→ **ACTIVITY**: In the records below, find the line with "ネイル ハンドネイル beautyroom Naturaのネイルデザイン" and repeat it and every line after it, exactly, without any pictures.

(Captioned web image data)
*** Begin section ***
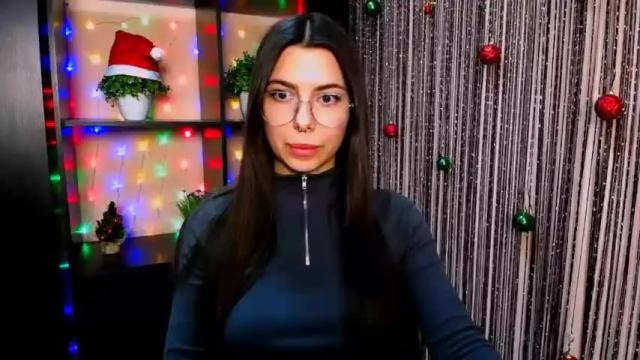 Image 2 of funny_simple_girl Stream on Chaturbate on 16 months ago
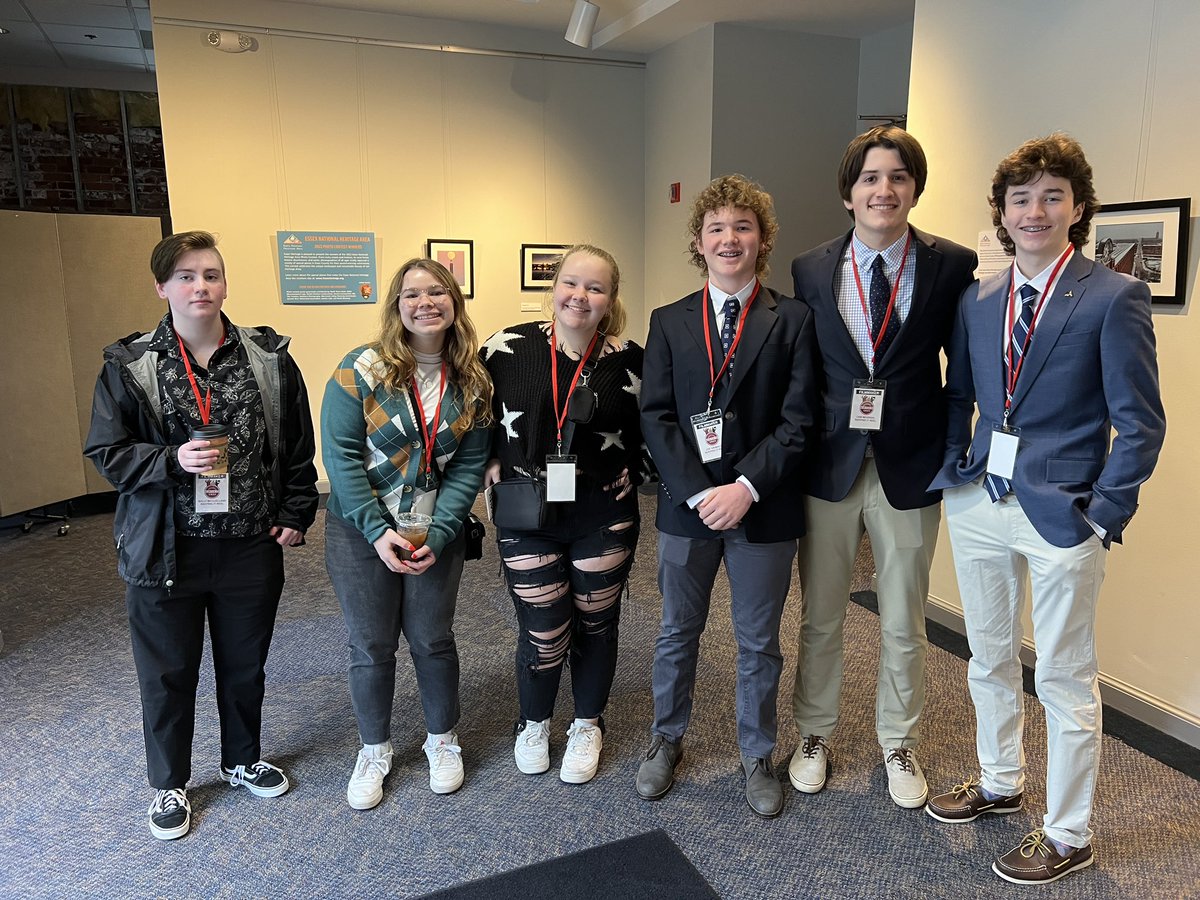 tritonVTV's tweet photo. So proud of our Triton filmmakers whose documentaries were screened today at the @_SalemFilmFest  Way to go! https://t.co/vM4t26fxI5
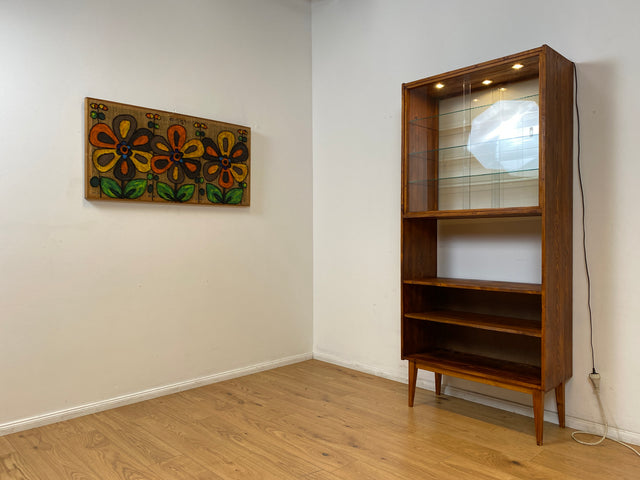 WMK I Außergewöhnliche Mid-Century Vitrine aus Kiefernholz mit Glasböden und Beleuchtung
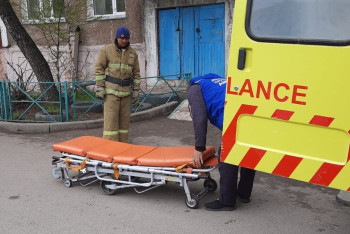 Пенсионерка получила перелом и сутки пролежала на полу в квартире в Щучинске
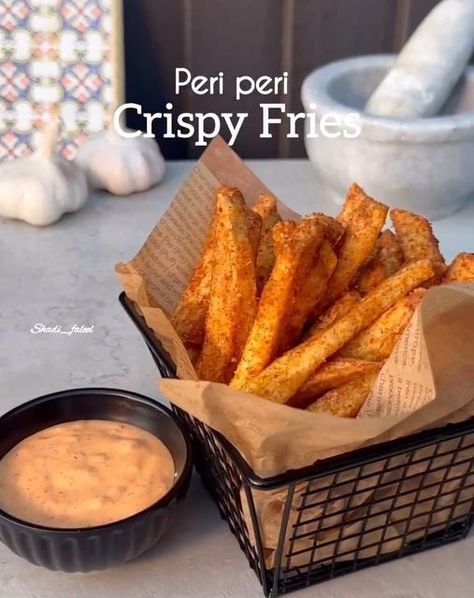 Snacks Bites recipes on Instagram: "Peri peri Crispy fries 🎥 Credits @shadi_faleel Follow @snackrecipesdaily for daily snacks🍟 Homemade crispy fries seasoned with a homemade peri peri seasoning.. Simply better & crispier than your takeouts, guaranteed.. LIKE, SAVE, SHARE the reel & FOLLOW @shadi_faleel for more easy recipes. You’ll need: 500g of large Potatoes 🥔 1 large bowl of cold water with 2 cups of ice 3 tbsp corn flour 1 tsp flaky salt 1 tbsp Paprika 1 tsp Garlic powder 1 tsp Onion po Homemade Crispy Fries, Peri Peri Recipes, Peri Peri Fries, Air Fryer French Fries, Crispy Fries, Bites Recipes, Snack Bites, Peri Peri, Crispy Fry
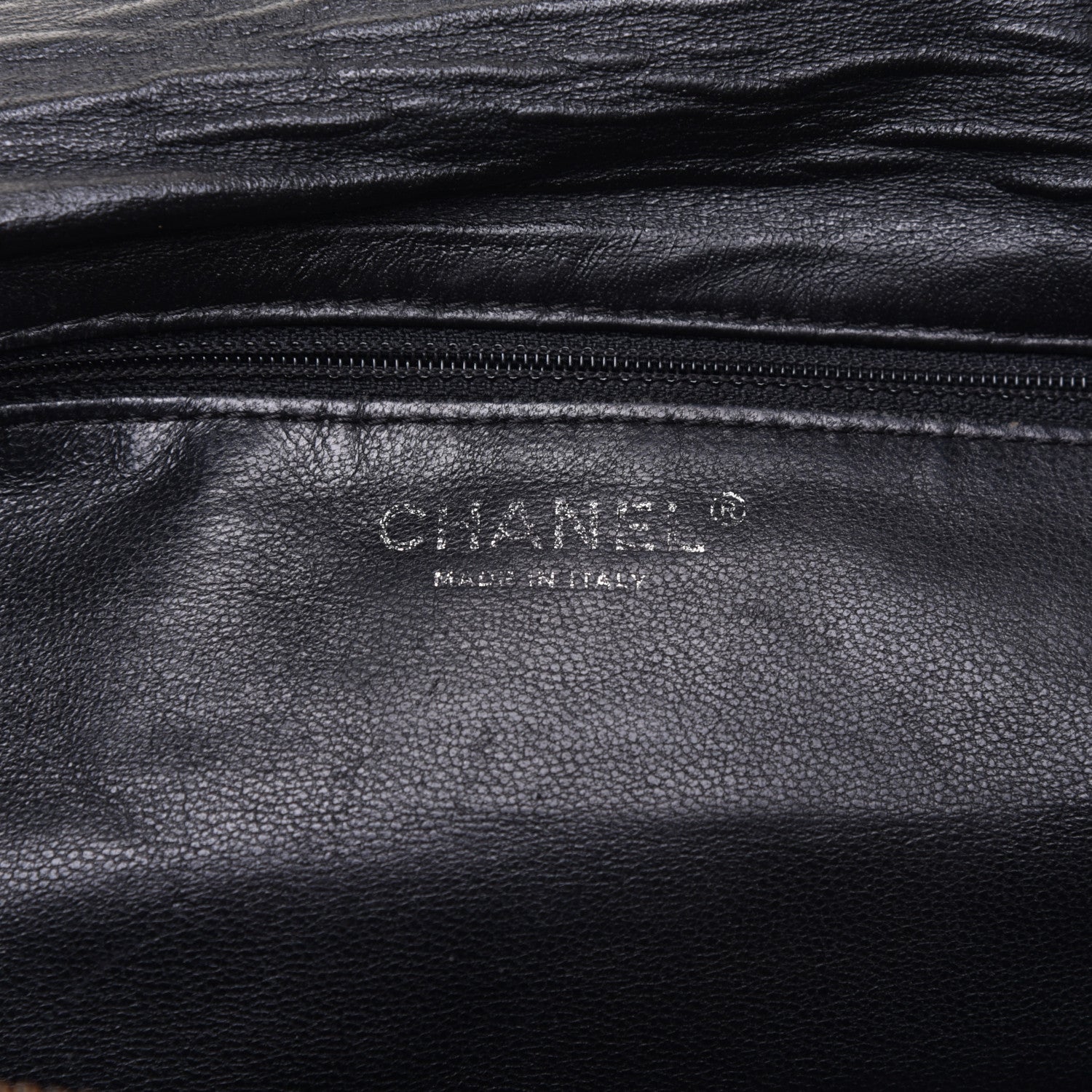 Chanel Deerskin Luxe Ligne Bowler Black 8 of 10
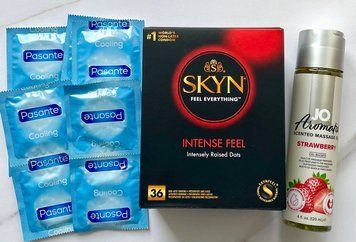 Набор 46 шт SKYN Intense Feel - Pasante Cooling + System JO Aromatix Strawberry 120 мл SOS1631 фото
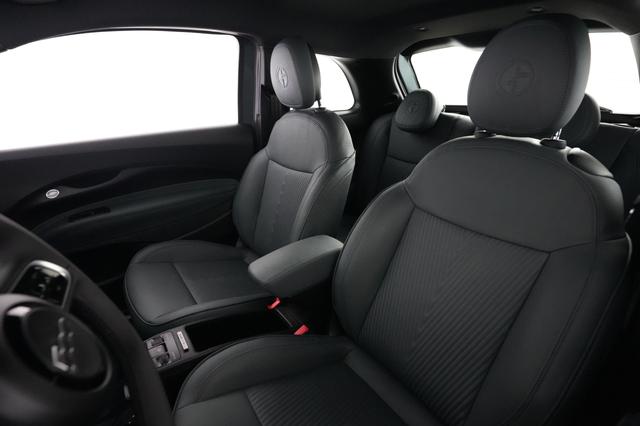 2025 Fiat 500e — photo 3 of 24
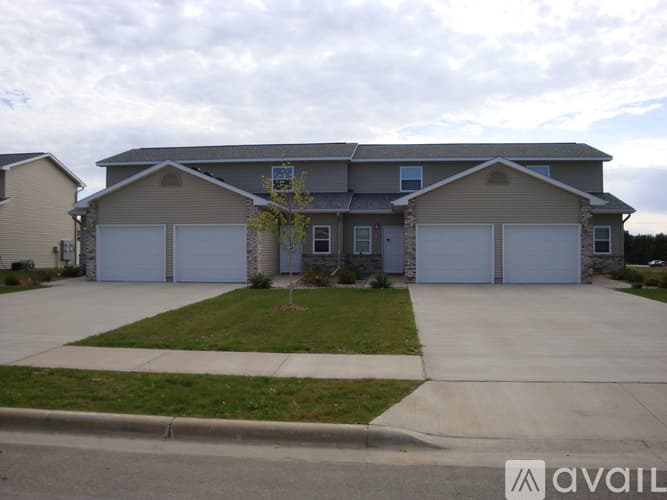 Tomah Apartment: 515 Kozarek Dr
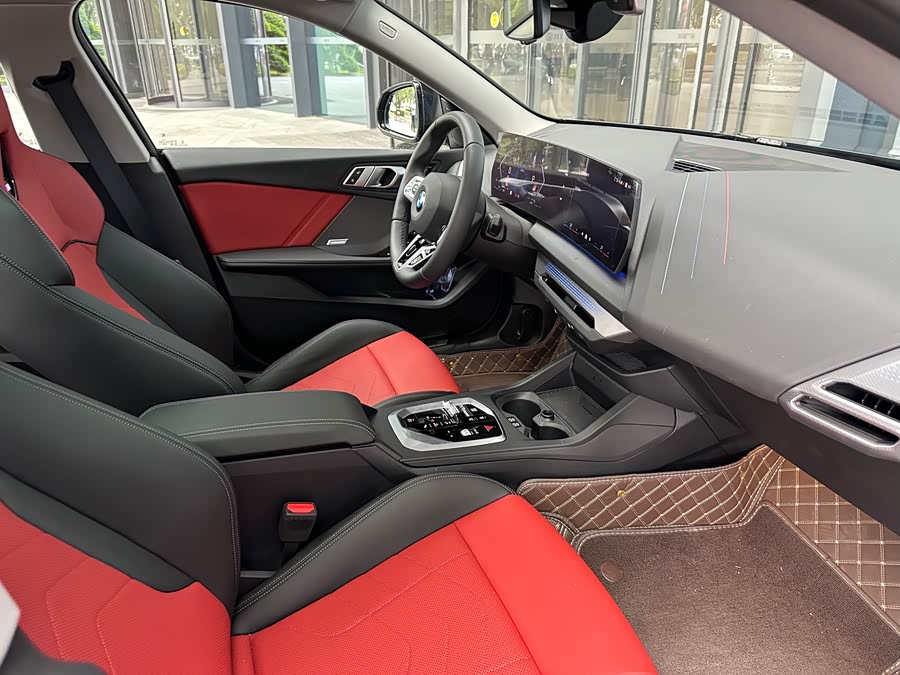 BMW 2 Series 2025 car image #10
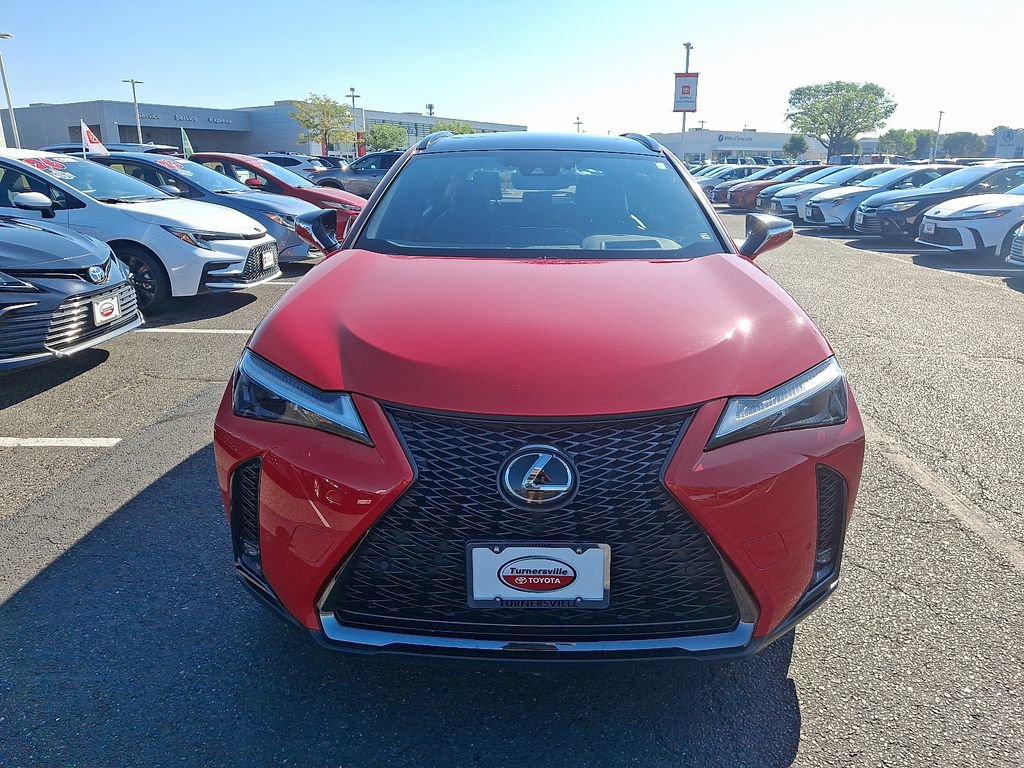 Used 2024 Lexus UX 250h F Sport AWD/4WD image 2
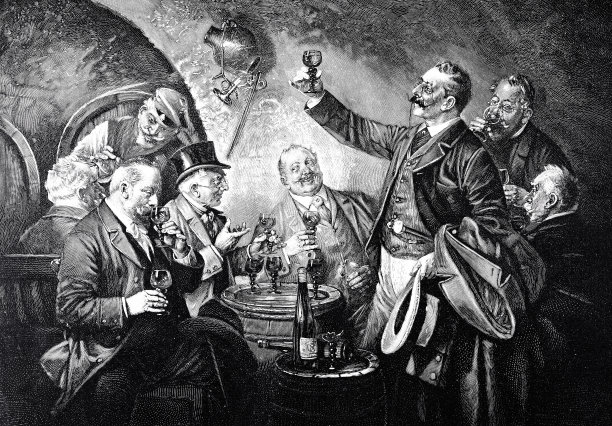 一群男人坐在餐厅里喝酒图片下载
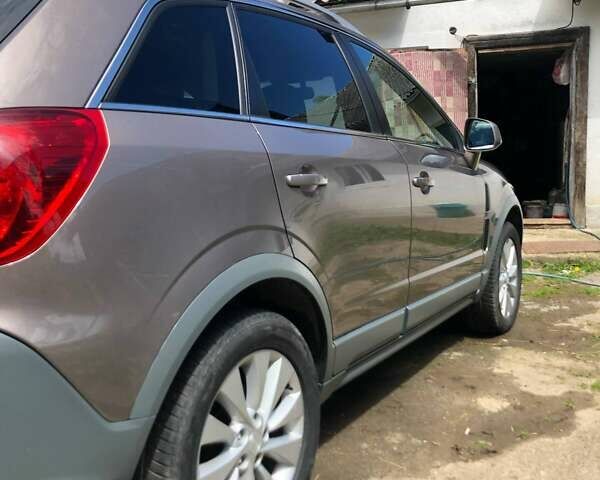 Коричневий Опель Антара, об'ємом двигуна 2.23 л та пробігом 216 тис. км за 12100 $, фото 5 на Automoto.ua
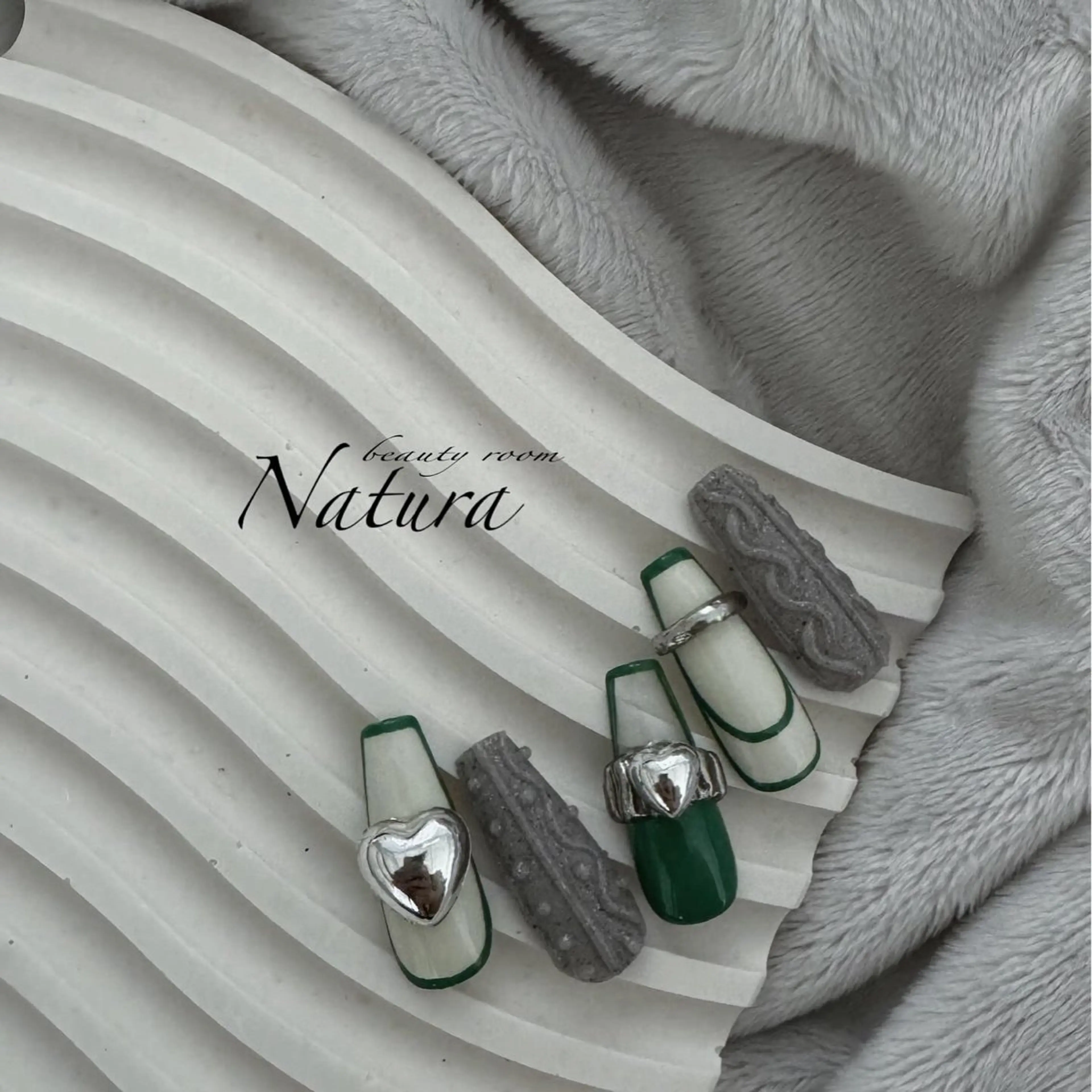 ネイル ハンドネイル beautyroom Naturaのネイルデザイン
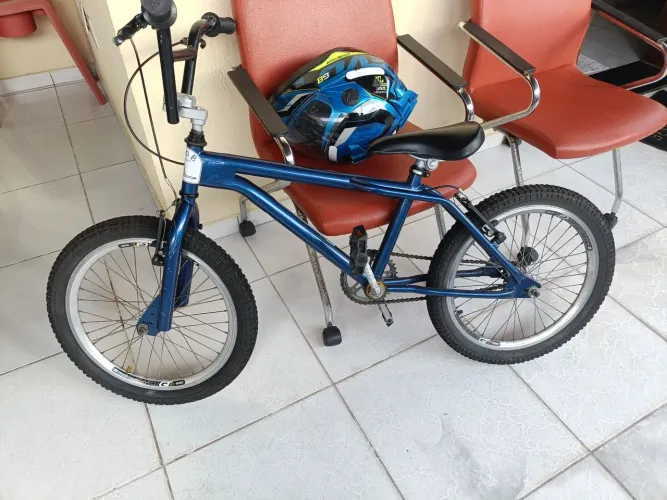 Bicicleta Cross aro 20 quadro ferro JNA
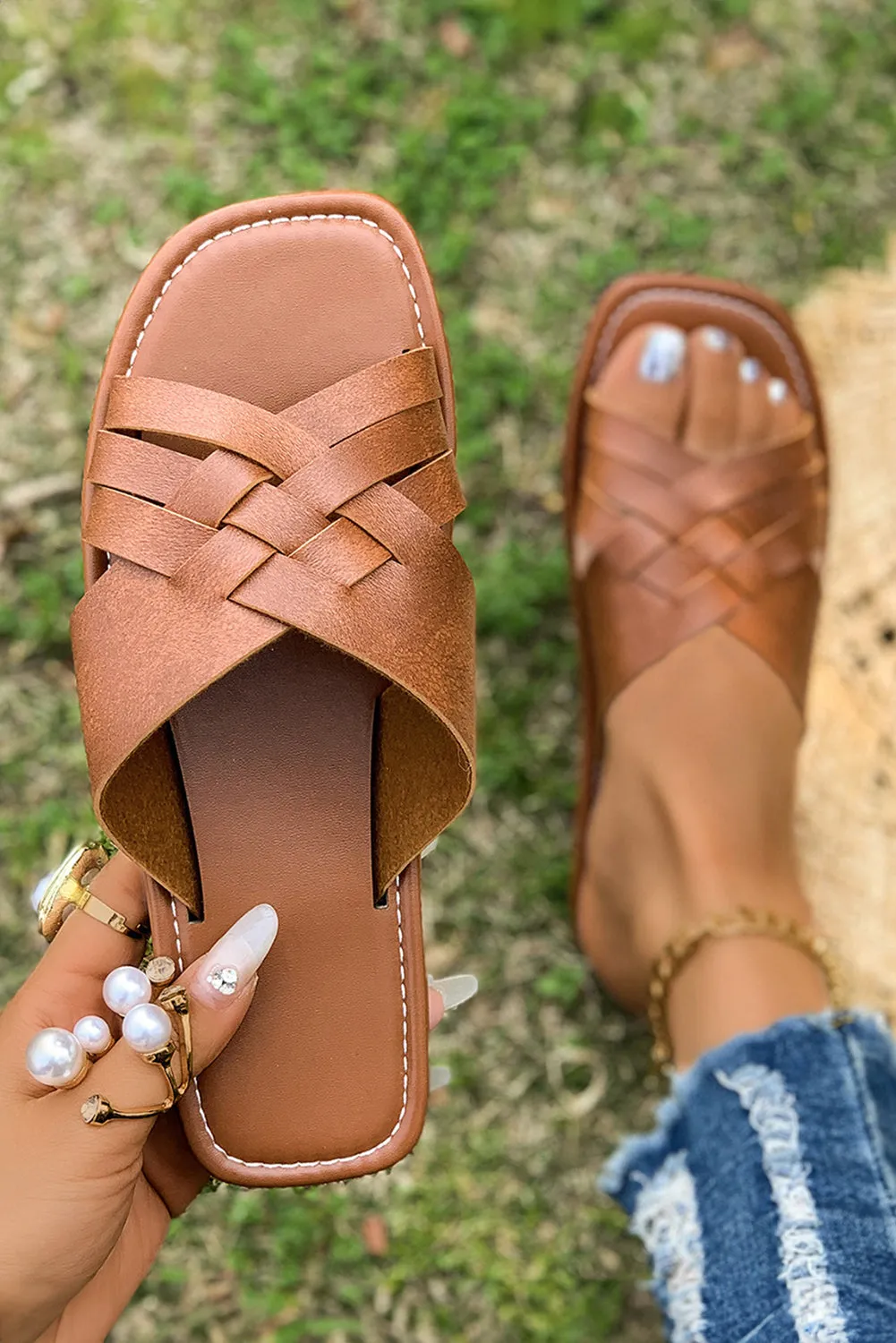 Threaded Pear Ana Crossed Woven Flat Slippers sold by Zulily product image thumbnail 4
*** End section ***
→ **PROBLEM SOLUTION**:
 ネイル ハンドネイル beautyroom Naturaのネイルデザイン
 Bicicleta Cross aro 20 quadro ferro JNA
 Threaded Pear Ana Crossed Woven Flat Slippers sold by Zulily product image thumbnail 4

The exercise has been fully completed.